## Directions
Return the line containing "kitchen with a" together with every later line up to the end of the records, exactly and with no pictures; return nothing else.

## Items listed in a dataset
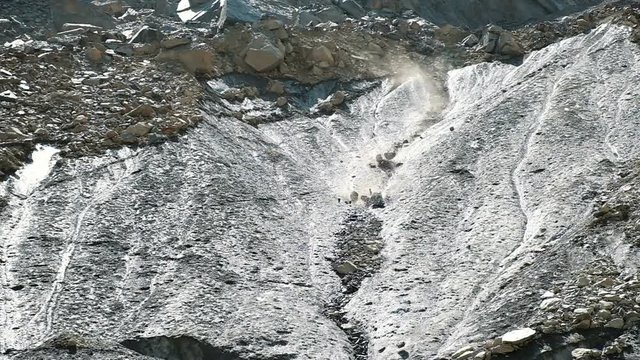 Rockfall in the mountains, stones fall down from the glacier, slow motion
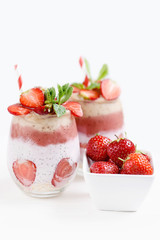 Glass of sweet delicious homemade layered smoothie dessert made from fruits and berries. delicious Strawberry banana milkshake, vegan raw food. Selective focus. Chia pudding with oatmeal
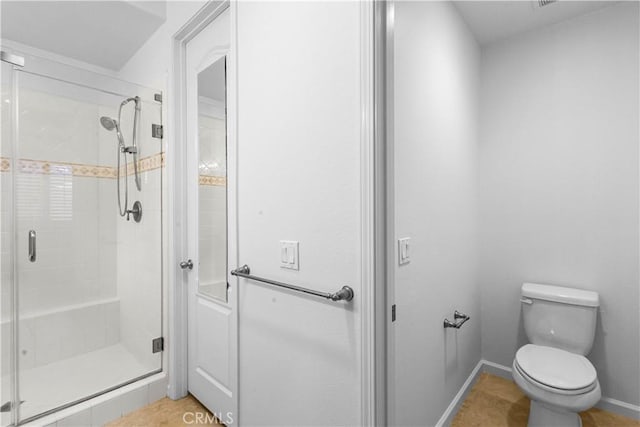 bathroom featuring a shower stall, toilet, and baseboards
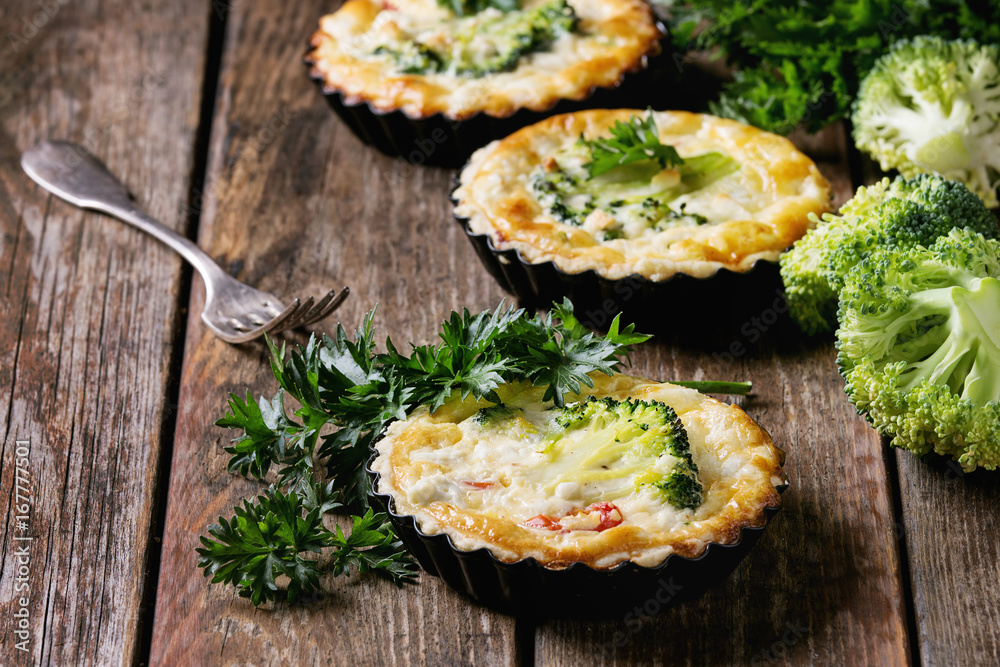 Baked homemade quiche pie in mini metal forms served with fresh greens and fork on old plank wooden background. Close up with space Baked homemade quiche pie in mini metal forms served with fresh greens and fork on old plank wooden background. Close up with space
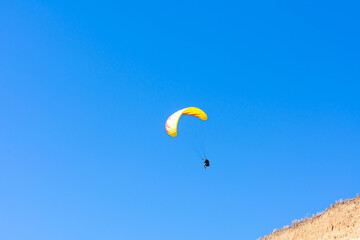 Paraglider in the blue sky. The sportsman flying on a paraglider.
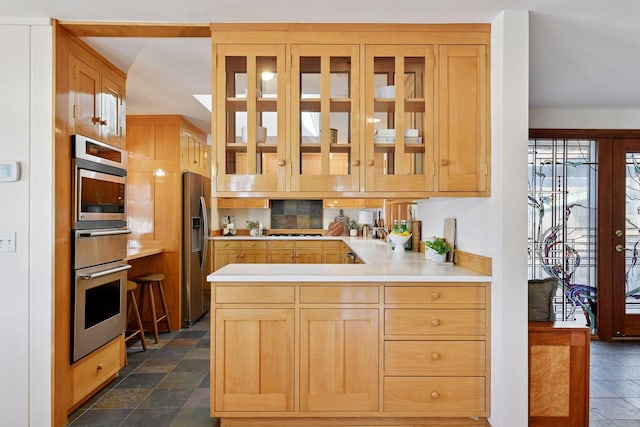 kitchen with a peninsula, light countertops, appliances with stainless steel finishes, stone finish floor, and glass insert cabinets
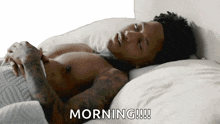 a shirtless man is laying on a bed with the words morning written on the bottom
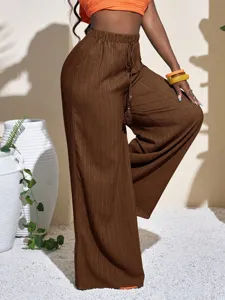 Textured wide-leg pants featuring a high waist and comfortable drawstring design for casual wear.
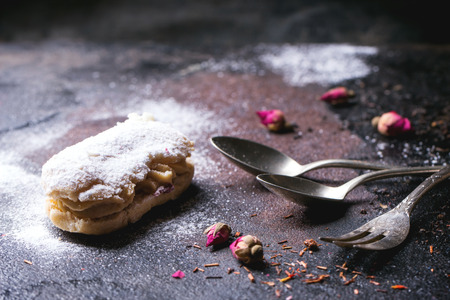 Eclairs with sugar powder, served with dry tea rose buds and vintage cutlery over dark background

## Exercise result
 kitchen with a peninsula, light countertops, appliances with stainless steel finishes, stone finish floor, and glass insert cabinets
 a shirtless man is laying on a bed with the words morning written on the bottom
 Textured wide-leg pants featuring a high waist and comfortable drawstring design for casual wear.
 Eclairs with sugar powder, served with dry tea rose buds and vintage cutlery over dark background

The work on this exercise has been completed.